> [Exercise requirements]: Lines to restate from the data below: from the one containing "Always keep your" to the one containing "Cover the retromolar", both included. Give them again exactly, and only them.

> [Materials provided]:
------------------------------------
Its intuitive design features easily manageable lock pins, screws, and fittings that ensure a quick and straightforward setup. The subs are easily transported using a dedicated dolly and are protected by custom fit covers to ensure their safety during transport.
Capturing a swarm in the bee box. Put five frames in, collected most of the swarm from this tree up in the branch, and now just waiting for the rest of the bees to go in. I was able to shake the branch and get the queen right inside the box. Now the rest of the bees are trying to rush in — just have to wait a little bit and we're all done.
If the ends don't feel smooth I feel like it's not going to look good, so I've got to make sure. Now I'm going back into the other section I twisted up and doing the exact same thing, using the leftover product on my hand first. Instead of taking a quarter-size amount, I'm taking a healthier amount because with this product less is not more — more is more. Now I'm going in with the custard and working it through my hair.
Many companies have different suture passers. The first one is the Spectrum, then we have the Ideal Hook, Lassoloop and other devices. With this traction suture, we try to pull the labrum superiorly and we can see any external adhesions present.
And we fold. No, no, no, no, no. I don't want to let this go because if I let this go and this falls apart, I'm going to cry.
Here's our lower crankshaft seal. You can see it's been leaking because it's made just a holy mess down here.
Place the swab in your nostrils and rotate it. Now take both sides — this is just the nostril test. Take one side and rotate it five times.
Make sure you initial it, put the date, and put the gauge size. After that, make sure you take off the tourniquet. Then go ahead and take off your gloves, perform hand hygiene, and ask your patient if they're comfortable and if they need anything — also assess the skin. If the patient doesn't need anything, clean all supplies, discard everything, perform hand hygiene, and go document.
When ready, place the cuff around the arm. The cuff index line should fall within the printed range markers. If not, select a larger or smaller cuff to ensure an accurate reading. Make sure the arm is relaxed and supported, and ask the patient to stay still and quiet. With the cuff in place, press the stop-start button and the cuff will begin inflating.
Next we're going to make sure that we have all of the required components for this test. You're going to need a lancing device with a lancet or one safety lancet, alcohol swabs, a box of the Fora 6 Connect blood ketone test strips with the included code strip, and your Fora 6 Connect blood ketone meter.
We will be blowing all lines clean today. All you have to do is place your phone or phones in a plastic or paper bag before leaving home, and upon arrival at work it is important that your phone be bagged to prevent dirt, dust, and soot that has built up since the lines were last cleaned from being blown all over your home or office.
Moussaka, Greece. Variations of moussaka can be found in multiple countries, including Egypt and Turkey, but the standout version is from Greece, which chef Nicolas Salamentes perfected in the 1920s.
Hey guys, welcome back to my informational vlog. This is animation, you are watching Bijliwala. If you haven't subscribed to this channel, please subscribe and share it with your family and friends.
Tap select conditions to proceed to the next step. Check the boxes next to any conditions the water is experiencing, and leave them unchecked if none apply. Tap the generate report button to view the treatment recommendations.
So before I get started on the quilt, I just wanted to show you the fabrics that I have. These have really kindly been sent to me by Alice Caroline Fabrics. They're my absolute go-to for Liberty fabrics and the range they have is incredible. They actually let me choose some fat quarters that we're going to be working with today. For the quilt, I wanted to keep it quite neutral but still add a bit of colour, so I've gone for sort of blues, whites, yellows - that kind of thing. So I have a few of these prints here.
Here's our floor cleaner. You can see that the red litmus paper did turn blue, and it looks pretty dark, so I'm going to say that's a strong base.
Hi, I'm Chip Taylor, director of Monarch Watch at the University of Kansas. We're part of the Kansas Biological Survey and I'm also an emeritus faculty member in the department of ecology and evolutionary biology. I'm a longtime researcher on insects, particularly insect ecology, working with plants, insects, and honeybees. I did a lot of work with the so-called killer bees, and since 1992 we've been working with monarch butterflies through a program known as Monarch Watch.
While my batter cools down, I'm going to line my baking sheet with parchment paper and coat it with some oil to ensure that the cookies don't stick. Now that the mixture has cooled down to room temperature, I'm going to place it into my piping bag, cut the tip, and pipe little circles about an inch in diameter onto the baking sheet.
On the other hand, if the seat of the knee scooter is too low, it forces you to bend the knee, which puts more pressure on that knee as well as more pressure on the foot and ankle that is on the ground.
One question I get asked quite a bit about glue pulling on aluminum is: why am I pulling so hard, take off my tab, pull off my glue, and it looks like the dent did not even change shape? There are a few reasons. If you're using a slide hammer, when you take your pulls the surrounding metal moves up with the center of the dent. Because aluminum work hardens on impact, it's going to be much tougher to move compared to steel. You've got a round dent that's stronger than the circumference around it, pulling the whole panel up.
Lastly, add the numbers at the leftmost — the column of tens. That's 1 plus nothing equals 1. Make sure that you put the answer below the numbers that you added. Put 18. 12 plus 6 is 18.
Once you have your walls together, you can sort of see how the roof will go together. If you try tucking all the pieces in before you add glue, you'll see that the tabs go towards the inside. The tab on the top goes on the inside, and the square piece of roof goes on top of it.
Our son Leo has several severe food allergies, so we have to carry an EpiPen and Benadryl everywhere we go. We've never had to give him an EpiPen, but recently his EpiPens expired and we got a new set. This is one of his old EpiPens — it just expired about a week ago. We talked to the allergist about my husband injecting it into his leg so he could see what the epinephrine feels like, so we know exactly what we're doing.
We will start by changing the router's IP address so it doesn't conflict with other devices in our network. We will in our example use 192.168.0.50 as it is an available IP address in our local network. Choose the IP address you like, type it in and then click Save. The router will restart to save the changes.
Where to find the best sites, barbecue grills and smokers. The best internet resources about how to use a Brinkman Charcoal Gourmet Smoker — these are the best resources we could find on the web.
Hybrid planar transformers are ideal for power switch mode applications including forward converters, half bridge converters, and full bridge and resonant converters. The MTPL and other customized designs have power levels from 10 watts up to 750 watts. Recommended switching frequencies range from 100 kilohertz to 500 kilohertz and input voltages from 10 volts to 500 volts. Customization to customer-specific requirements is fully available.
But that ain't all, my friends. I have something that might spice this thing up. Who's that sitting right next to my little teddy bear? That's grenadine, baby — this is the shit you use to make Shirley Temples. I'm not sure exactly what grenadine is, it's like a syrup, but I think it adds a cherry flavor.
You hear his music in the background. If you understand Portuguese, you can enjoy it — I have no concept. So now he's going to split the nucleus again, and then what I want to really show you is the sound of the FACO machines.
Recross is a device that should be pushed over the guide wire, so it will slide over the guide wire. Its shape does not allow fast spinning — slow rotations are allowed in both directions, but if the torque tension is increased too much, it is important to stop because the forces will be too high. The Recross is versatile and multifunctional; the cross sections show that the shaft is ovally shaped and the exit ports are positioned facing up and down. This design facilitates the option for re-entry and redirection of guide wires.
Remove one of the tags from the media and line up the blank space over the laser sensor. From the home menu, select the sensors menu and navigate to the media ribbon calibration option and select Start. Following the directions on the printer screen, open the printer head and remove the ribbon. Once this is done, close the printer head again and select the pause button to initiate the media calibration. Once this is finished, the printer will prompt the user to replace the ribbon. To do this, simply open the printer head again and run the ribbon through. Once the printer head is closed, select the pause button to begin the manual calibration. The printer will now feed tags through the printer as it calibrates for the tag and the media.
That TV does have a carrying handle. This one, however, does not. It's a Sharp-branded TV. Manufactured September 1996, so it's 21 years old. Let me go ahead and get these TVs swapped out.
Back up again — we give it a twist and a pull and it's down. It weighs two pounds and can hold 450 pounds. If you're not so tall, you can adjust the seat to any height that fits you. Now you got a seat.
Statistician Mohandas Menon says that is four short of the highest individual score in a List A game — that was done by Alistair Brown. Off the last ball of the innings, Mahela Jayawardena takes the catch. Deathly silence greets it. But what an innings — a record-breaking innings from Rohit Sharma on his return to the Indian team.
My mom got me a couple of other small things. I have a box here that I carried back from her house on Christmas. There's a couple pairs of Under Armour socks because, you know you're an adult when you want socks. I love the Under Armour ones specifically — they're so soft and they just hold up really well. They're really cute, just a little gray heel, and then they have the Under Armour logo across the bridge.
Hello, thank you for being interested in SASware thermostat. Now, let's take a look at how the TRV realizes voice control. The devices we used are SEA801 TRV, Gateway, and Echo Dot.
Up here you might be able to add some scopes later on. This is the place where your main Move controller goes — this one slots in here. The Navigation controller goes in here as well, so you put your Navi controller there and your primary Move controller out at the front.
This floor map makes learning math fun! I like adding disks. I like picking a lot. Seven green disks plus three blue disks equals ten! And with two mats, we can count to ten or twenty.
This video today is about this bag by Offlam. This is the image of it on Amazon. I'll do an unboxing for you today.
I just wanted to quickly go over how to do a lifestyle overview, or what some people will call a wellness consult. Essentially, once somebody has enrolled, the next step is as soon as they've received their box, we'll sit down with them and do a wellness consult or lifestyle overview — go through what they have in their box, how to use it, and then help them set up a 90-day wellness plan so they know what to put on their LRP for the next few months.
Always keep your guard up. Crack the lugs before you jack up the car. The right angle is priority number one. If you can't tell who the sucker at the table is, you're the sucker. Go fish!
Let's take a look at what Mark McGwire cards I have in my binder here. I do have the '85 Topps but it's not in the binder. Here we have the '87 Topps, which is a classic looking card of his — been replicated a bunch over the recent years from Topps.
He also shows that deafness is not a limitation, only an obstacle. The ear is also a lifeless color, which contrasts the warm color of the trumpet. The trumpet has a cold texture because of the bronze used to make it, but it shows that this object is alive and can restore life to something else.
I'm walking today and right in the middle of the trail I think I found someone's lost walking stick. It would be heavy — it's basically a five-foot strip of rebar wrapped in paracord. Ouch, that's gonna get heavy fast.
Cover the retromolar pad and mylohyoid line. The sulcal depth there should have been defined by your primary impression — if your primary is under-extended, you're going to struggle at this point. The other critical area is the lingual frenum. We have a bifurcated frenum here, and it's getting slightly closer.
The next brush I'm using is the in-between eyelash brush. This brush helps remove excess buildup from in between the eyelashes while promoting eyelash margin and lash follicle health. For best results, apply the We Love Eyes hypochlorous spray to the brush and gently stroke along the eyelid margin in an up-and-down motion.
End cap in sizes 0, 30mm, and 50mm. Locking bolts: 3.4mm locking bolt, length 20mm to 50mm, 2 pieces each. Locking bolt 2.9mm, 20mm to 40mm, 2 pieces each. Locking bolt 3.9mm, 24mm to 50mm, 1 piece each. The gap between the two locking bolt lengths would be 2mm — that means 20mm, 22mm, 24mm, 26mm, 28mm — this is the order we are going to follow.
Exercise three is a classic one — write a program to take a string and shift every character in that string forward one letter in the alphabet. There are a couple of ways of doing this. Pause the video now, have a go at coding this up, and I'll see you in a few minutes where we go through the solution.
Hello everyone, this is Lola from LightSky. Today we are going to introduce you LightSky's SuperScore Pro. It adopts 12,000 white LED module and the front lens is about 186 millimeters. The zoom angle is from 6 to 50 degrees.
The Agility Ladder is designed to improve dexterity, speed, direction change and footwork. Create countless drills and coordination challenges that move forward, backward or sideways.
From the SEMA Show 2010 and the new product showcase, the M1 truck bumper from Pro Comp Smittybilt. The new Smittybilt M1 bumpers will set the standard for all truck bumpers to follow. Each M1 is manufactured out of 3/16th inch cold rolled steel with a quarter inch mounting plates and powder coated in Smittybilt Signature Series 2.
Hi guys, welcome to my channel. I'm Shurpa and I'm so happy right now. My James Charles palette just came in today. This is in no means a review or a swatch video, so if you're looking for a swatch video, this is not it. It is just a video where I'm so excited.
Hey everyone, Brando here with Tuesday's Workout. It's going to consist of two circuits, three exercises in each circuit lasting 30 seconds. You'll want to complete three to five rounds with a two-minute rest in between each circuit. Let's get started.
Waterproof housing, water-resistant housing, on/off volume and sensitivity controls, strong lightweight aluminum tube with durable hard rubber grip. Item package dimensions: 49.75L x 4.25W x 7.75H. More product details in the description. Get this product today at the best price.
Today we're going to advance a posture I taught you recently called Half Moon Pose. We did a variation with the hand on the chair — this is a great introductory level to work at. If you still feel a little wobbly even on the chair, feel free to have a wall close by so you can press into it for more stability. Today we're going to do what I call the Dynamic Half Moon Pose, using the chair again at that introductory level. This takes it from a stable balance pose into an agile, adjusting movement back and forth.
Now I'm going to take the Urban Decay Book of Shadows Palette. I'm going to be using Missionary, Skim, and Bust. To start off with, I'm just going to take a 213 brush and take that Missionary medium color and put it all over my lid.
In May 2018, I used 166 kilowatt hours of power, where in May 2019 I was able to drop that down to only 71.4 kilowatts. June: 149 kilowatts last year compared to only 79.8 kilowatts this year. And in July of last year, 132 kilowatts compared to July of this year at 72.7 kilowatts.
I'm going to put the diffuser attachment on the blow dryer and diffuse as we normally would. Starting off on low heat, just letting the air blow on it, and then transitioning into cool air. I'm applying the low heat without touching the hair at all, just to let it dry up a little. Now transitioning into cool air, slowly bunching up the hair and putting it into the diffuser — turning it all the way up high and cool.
------------------------------------
> [Solution to this task]:
Always keep your guard up. Crack the lugs before you jack up the car. The right angle is priority number one. If you can't tell who the sucker at the table is, you're the sucker. Go fish!
Let's take a look at what Mark McGwire cards I have in my binder here. I do have the '85 Topps but it's not in the binder. Here we have the '87 Topps, which is a classic looking card of his — been replicated a bunch over the recent years from Topps.
He also shows that deafness is not a limitation, only an obstacle. The ear is also a lifeless color, which contrasts the warm color of the trumpet. The trumpet has a cold texture because of the bronze used to make it, but it shows that this object is alive and can restore life to something else.
I'm walking today and right in the middle of the trail I think I found someone's lost walking stick. It would be heavy — it's basically a five-foot strip of rebar wrapped in paracord. Ouch, that's gonna get heavy fast.
Cover the retromolar pad and mylohyoid line. The sulcal depth there should have been defined by your primary impression — if your primary is under-extended, you're going to struggle at this point. The other critical area is the lingual frenum. We have a bifurcated frenum here, and it's getting slightly closer.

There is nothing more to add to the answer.